It has built a lineup of entertainment properties like none other in the world, and it has a history even older than Mickey Mouse (he’s 92). So the storied brand has fully merited the huge store of credit it gets—from movie-goers, vacationers, Broadway audiences, sports fans, lots and lots of kids.
And now…from banks.
The big media headline this week was that Disney had secured a new one-year line of credit from Citibank, a $5 billion agreement to extend through April 9 of next year. The infusion of cash is targeted to offset what the company is facing due to the coronavirus pandemic: a plunge worse than Gaston’s off the parapet of the Beast’s castle.
In the short term, anyway, that’s where Disney’s revenues are headed, straight down.

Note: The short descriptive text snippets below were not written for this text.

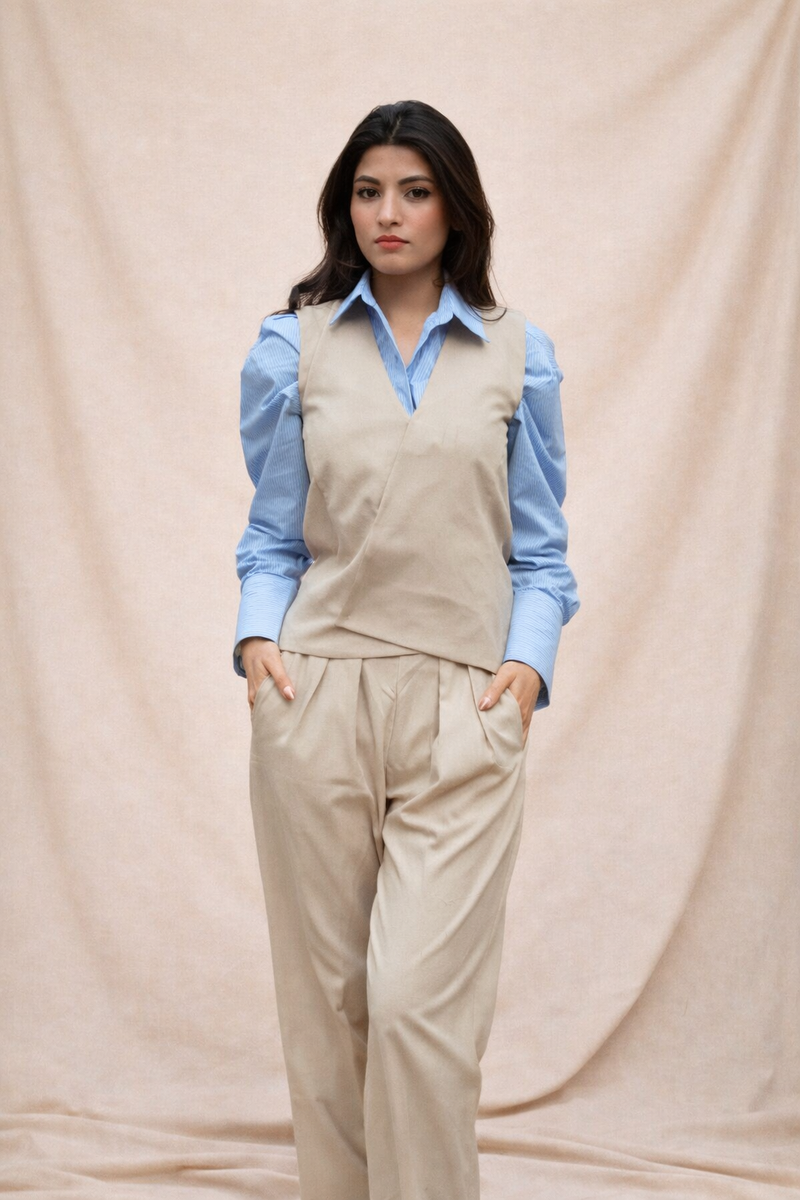 Beige Vest & Pants Set - Musafat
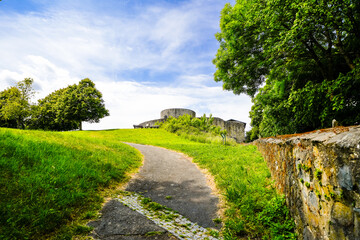 View of the ruins of Heiligenberg Castle near Felsberg in Hesse.
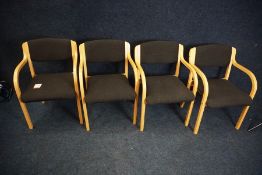 4no. Timber Framed Black Upholstered Stackable Chairs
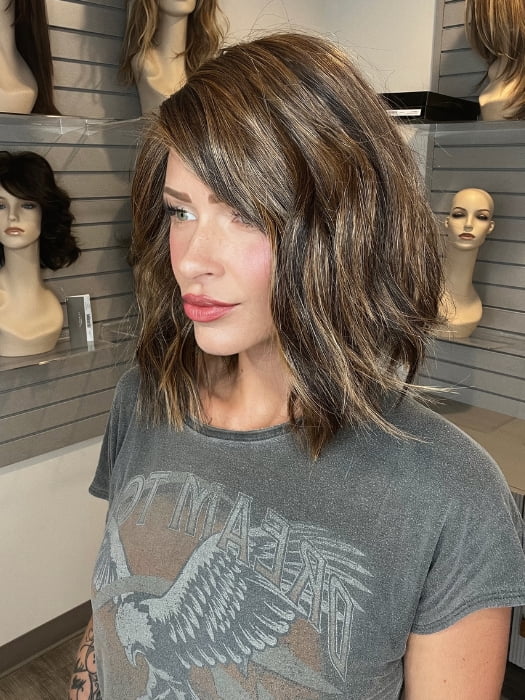 Madeline wearing SKYLAR by JON RENAU in FS6/30/27 TOFFEE TRUFFLE | Brown, Medium Red-Gold, Medium Red-Gold Blonde Blend with Medium Red Gold Blonde Bold Highlights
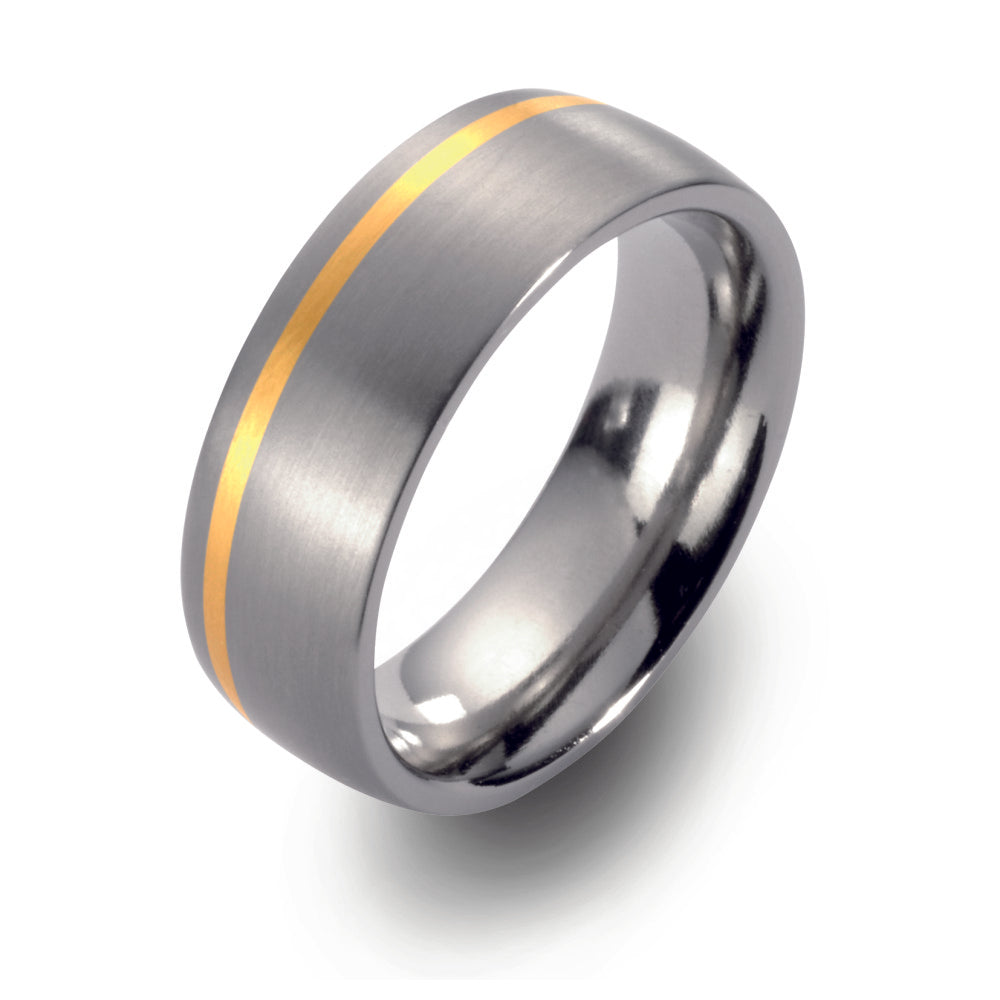 Wedding Ring Titanium, 18k Yellow Gold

The falloff is completely unavoidable, and not because of anything Disney has done wrong, but the exact opposite: Disney, under its long-time chief executive, Bob Iger, has created an empire of mass attraction. The masses are attracted to its incredible range of properties, and they virtually always share them en masse. Unfortunately, combatting the scourge of Covid-19 has meant separating people from each other, and, inevitably, from just about everything Disney does to make money.
Theme parks, of course, are front of mind, every ride and animatronic creation shut down and silenced. But then there are the movies and Broadway shows that are supposed to be played in theaters (often the same stories repackaged in multiple forms, a distinctive Disney invention); and the docked and anchored cruise ships, the now-empty hotels, the Disney shops in every now-closed mall.
With no certainty about when live sports might resume, ESPN doesn’t even have anything to talk about during its myriad editions of “SportsCenter” either—except the upcoming NFL Draft, which has already been analyzed more than thoroughly than the neurotic Elliot Carlin on “The Bob Newhart Show.”
The most dangerous days for ESPN may be ahead with both the baseball and college football seasons threatened. How can a cable operator—or subscriber—justify paying a monthly fee for a sports channel with no sports?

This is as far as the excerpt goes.